Por José Elías Romero Apis
Dos de los episodios más luminosos de nuestra política exterior fueron la postura de México durante las crisis cubanas de los años 60. Primero, Estados Unidos promovió que se excluyera a Cuba de la organización panamericana. Todos aceptaron y obedecieron. Todos, menos uno.
Con orgullo de mexicano, siempre he recordado una fotografía de esa histórica noche en la Junta de la OEA, donde todos los cancilleres del continente aparecen con la diestra en alto, votando por la exclusión de Cuba. Todos, menos uno. Sólo el canciller Manuel Tello permanecía con las manos abajo. Sólo él y el embajador Vicente Sánchez Gavito estaban solos en medio de todos. Sólo México estaba solo.
Yo, antes, nunca había visto una fotografía de la dignidad.
Incluso, yo no suponía que la dignidad se pudiera retratar.
Muy poco tiempo más tarde, cuando la crisis de los misiles cubanos, la posición de México fue la misma que la de Estados Unidos. Para todos los mexicanos, no había la menor duda de que, si hubiera estallado la guerra, hubiéramos estado al lado de Estados Unidos y en contra de Cuba y de Rusia.
Más aún, nuestro país impulsó la desnuclearización de la América Latina, hoy consagrada en el Tratado de Tlatelolco, lo que le valió el Premio Nobel de la Paz al canciller mexicano Alfonso García Robles.
Esas lecciones de alteza provenían de nuestros principios de política exterior, hoy constitucionales. México nunca ha sido enemigo de algún país del continente o del mundo. México tan sólo defiende sus intereses.
Y es que los gobernantes deben ver a su país como un imperio central, a partir del cual todo lo demás y todos los demás son algo ajeno y marginal. La política exterior mexicana no debe tener afectos o desafectos para con los extranjeros, sino para el beneficio o el perjuicio que hagan para México. No es un criterio de humanista, sino que es un criterio de estadista.
Esos principios mexicanos son complejos y en nada se parecen a la simpleza pasiva de la neutralidad ni al apolillado evasivo del no alineamiento. Por el contrario, siempre obligan a nuestros gobernantes a un discurso activo y muy inteligente, para no ser malentendidos y malinterpretados.
Nuestro pacifismo enoja a la mitad del planeta. Los países guerreros nos consideran cobardes, así ellos sean verdaderas potencias nucleares o tan sólo nuclearizados rascuaches. Nuestro autodeterminismo indigna a los que les gusta entrometerse y enfada a los que les gusta que se les entrometan.
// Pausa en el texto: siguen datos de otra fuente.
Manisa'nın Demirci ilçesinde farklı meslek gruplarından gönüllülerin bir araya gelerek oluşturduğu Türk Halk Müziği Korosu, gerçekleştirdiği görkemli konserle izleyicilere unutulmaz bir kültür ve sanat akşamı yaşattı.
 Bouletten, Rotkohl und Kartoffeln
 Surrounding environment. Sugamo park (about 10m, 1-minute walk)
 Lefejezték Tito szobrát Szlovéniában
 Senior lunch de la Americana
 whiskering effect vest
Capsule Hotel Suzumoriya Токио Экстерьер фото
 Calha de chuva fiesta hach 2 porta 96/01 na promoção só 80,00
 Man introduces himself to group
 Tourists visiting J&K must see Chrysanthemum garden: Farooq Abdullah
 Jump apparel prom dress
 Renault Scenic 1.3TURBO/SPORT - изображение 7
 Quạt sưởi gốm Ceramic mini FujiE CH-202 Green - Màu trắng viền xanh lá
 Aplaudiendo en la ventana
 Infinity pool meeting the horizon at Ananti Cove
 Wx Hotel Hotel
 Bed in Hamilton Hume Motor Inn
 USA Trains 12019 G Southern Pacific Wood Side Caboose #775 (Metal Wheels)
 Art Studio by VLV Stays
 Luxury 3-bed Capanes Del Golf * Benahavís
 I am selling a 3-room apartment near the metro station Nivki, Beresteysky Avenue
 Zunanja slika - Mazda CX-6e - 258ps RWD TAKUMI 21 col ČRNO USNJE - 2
Por ejemplo, en el conflicto Rusia-Ucrania, nuestro pacifismo reprocha a Rusia por usar la guerra. Pero eso no nos enemista con ella ni nos asocia con Ucrania. No juzgamos sobre las muy propias razones de cada uno. Pero en un mal fraseo podríamos parecer como enemigos de Rusia y como aliados de Ucrania cuando que somos amigos de la paz y enemigos de la guerra.
En otro asunto, nuestros principios nos inducen a desear, aunque nunca a exigir, que Cuba y Estados Unidos diriman sus conflictos. Desde luego, que lo hicieran en la privacidad bilateral y no ante 30 mirones que tan sólo estorban y en nada ayudan.
En público, podría surgir una valentonada injuriosa y otras dos generaciones en conflicto.
También nuestros principios nos dejan en claro que todo este asunto no es nuestro sino muy ajeno. El conflicto ni siquiera fue de Estados Unidos con Cuba, sino con Rusia. En todo ello, Cuba carecía y sigue careciendo de importancia para unos y para otros. También nos queda en claro que Estados Unidos nada le debe a Cuba. Que quien le debe y no le cumplió es Rusia, quien tan sólo la alborotó y luego la abandonó.
La diplomacia de nuestro imperio central es de las 10 más difíciles del planeta. Son complicados sus 9 principios y sus 4 vecinos. Su geografía y su historia. Su política y su economía. Su migración y su criminalidad. Convencer a los otros y complacer a nosotros. Por eso, un buen canciller mexicano suele considerarse como un buen canciller del mundo. El espíritu de Matías Romero sigue vivo y más nos vale que así siga.